It's not that I like to complain (though I do like it), but why does this week already feel like one of those where (assuming I survive at all) I'll emerge on teh far side, look back, and just shake my head and be glad to be past that sucky run of days.
Last week was nice. I could stand another week like last week. Phone calls to managers and agents and producer types all went better than expected. QUEEN OF THE SKY (aka "LILYA") managed to get in to be read by a nice handful of people, any of whom could be the spark that lights the fuse to potentially send this rocket into the sky.
Projects pitched to possible allies and producers all were met with warm eager receptions.
Impossible schedule obligations and permutations were met head on and overcome with grace and aplomb.
My first turn at CubMaster went off smoothly and efficiently (and the kids all had a great time handling boas and milk snakes from "The Snake Man").
My son's football fourth grade football team won its game 41-0.
It was a good week.
But this is this week, and this week I get handed less enjoyable stuff to deal with.
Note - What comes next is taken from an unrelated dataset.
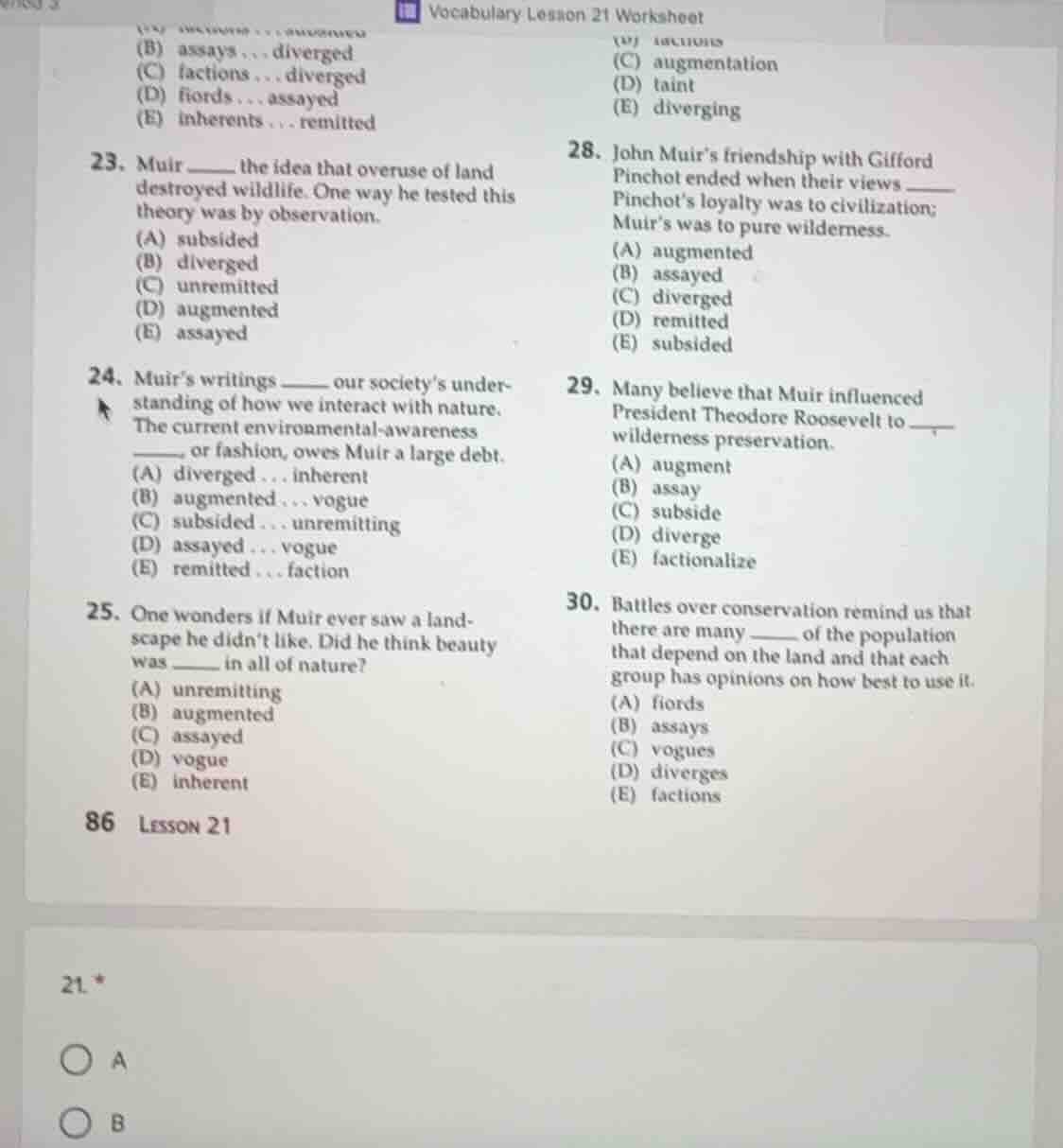 vocabulary lesson 21 worksheet (b) assays... diverged (c) factions... d…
I'll not go into inane detail, but in the opast week we've had a dishwasher go out, a tire go bad, three toilets back up, a cat get locked in a closet and try to tunnel her way out through the carpet (and make it only so far as the slab), and now I find that my dog—an adopted pound puppy—requires reconstructive knee surgery costing an estimated three thousand dollars.
(The vet was not at all amused by my response: "Doc, the dog only cost me 30 bucks NEW!")
On the bright side, I'm still not yet dinked from the Nicholl, my kids still rock, my wife remains the most tolerant annd forgiving human not boasting sainthood, and beer remains good and good for you.
We'll take what blessings we can rationalize, sometimes.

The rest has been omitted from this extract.